--- SOURCE MATERIAL Enclosed Below ---

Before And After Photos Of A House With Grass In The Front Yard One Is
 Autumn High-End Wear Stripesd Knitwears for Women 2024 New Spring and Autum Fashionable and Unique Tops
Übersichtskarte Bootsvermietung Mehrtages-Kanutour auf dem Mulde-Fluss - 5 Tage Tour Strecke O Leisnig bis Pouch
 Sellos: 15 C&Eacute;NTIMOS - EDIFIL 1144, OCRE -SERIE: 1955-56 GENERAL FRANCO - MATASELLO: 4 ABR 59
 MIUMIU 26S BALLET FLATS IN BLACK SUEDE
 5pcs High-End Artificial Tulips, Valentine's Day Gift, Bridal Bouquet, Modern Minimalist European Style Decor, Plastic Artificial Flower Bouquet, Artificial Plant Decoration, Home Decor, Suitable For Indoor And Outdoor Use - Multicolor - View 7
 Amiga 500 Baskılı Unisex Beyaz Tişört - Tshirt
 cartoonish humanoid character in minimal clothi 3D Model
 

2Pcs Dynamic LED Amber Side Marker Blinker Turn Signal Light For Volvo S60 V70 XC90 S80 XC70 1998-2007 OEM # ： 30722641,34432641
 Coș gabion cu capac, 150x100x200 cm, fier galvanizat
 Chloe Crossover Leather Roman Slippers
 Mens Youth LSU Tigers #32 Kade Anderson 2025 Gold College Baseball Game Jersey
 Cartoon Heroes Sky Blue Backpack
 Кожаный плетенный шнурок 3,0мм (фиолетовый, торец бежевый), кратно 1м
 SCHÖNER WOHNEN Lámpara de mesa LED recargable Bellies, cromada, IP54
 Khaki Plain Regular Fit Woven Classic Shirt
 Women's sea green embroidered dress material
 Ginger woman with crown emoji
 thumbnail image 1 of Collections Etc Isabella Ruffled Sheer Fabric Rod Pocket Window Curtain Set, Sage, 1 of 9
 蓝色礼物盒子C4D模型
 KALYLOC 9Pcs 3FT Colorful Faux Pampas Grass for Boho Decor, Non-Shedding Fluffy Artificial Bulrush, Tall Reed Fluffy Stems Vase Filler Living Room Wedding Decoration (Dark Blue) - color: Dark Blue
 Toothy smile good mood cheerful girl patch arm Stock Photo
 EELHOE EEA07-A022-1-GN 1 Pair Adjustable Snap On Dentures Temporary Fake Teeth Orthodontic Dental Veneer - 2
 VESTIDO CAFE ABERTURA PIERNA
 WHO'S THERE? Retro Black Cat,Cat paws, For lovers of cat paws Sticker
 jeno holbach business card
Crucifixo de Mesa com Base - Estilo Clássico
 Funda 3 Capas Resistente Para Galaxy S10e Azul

--- End of Enclosed SOURCE MATERIAL ---

WHAT THE TASK ASKS:
Your task is to return, exactly and on their own, the lines from the one containing "Crucifixo de Mesa com Base - Estilo Clássico" through the last line of the listing.

RESPONSE AREA:
Crucifixo de Mesa com Base - Estilo Clássico
 Funda 3 Capas Resistente Para Galaxy S10e Azul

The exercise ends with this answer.